§ EXERCISE OBJECTIVE
Return only the lines below starting at the line containing "Systemische Fragetechniken für" and ending at the line containing "Bitterness Person Quotes By Emily Giffin", both included, exactly as they are and with no pictures.

§ EXTRACTED INFORMATION
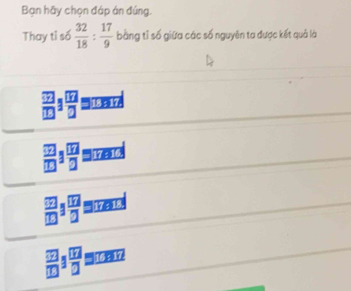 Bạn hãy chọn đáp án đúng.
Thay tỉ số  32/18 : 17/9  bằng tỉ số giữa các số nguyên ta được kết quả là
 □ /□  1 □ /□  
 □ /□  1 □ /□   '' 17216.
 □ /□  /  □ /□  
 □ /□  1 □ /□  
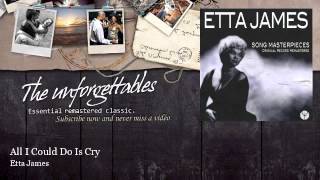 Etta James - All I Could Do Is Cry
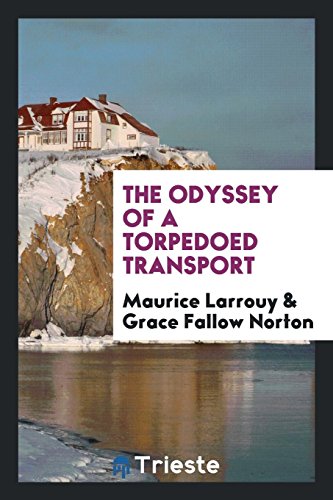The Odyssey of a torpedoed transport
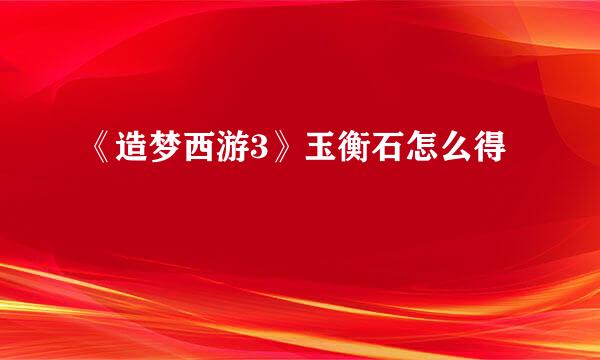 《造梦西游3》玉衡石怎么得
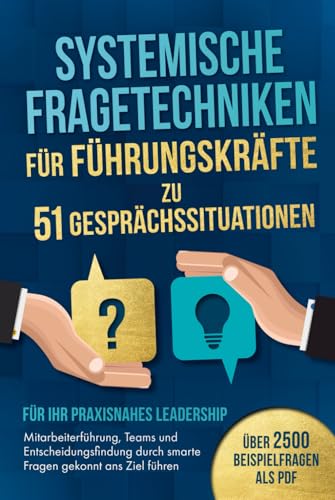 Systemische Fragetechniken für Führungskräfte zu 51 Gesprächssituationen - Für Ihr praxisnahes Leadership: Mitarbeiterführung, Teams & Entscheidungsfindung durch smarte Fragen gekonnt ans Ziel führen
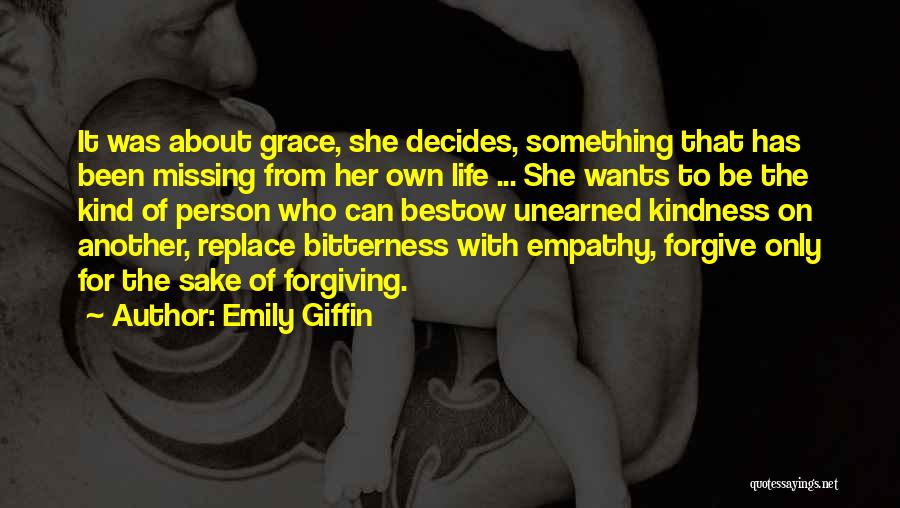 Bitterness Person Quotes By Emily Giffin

* * *

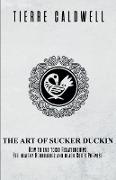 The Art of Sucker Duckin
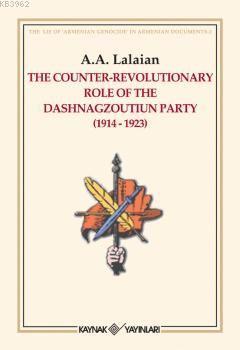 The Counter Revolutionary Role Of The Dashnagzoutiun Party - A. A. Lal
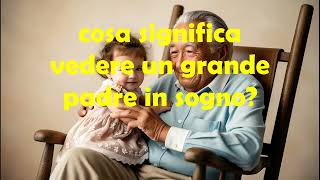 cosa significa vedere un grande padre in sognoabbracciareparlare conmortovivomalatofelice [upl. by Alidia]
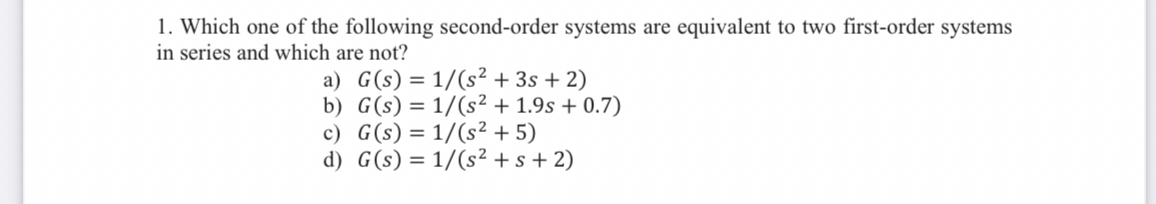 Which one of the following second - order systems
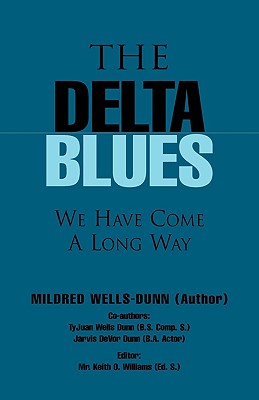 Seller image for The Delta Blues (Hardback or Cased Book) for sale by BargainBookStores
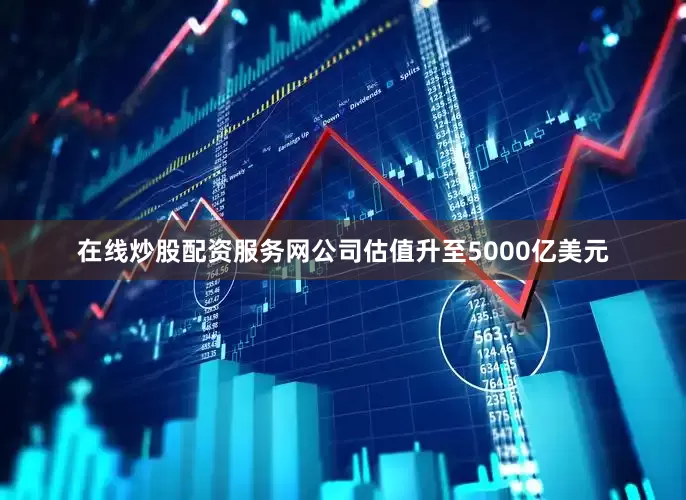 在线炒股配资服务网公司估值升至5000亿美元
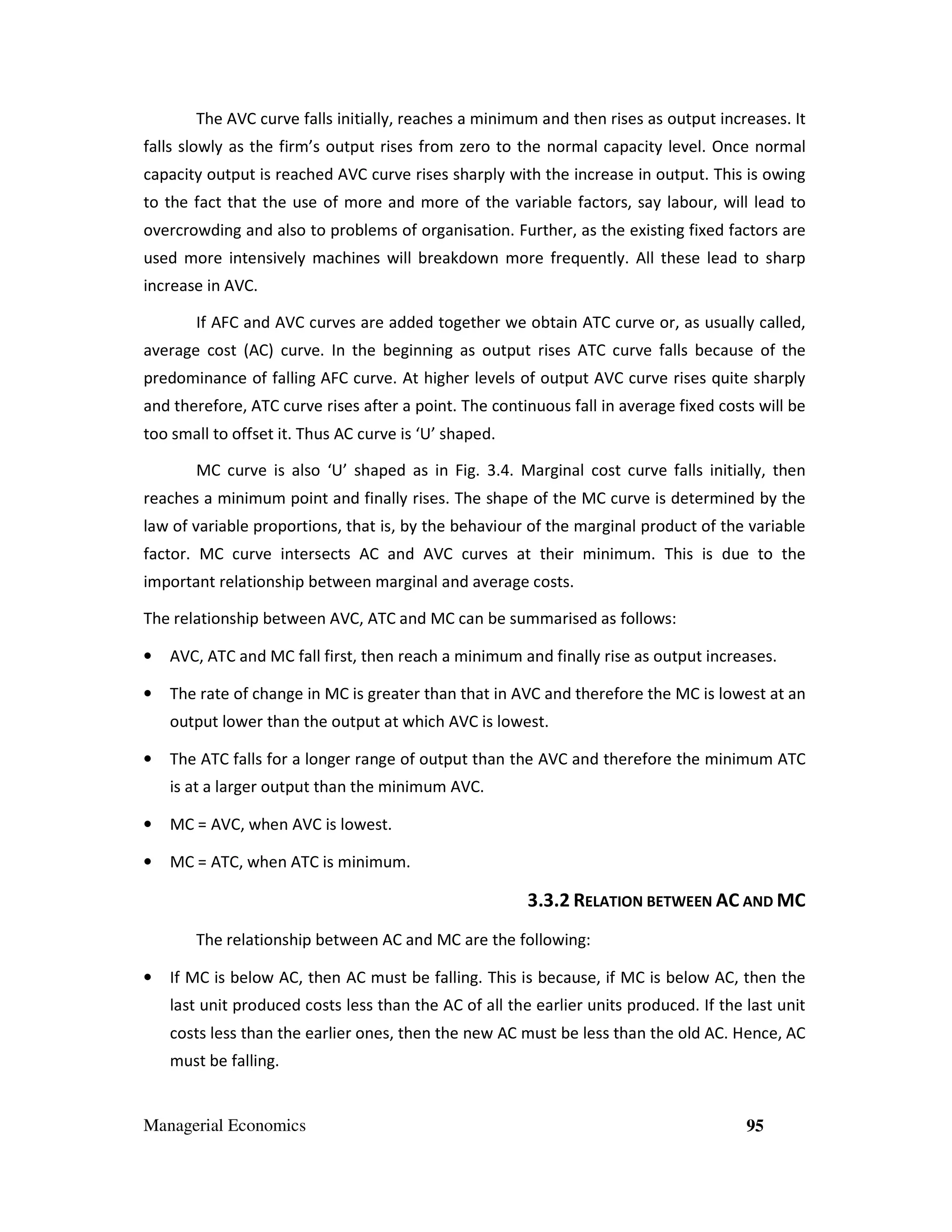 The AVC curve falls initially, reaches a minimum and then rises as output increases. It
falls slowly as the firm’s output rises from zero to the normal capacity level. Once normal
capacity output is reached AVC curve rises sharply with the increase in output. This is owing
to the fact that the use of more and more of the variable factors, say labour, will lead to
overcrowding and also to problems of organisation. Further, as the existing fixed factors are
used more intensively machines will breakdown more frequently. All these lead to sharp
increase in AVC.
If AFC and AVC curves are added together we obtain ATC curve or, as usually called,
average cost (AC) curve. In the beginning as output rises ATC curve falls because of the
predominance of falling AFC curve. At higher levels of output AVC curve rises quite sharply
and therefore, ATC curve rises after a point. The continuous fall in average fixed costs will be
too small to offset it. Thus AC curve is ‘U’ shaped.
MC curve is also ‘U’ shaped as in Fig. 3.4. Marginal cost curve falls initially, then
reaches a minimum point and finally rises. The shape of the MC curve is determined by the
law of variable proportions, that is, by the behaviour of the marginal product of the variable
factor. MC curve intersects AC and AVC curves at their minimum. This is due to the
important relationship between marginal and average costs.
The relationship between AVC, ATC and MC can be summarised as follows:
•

§ TASK ANSWER
 Systemische Fragetechniken für Führungskräfte zu 51 Gesprächssituationen - Für Ihr praxisnahes Leadership: Mitarbeiterführung, Teams & Entscheidungsfindung durch smarte Fragen gekonnt ans Ziel führen
 Bitterness Person Quotes By Emily Giffin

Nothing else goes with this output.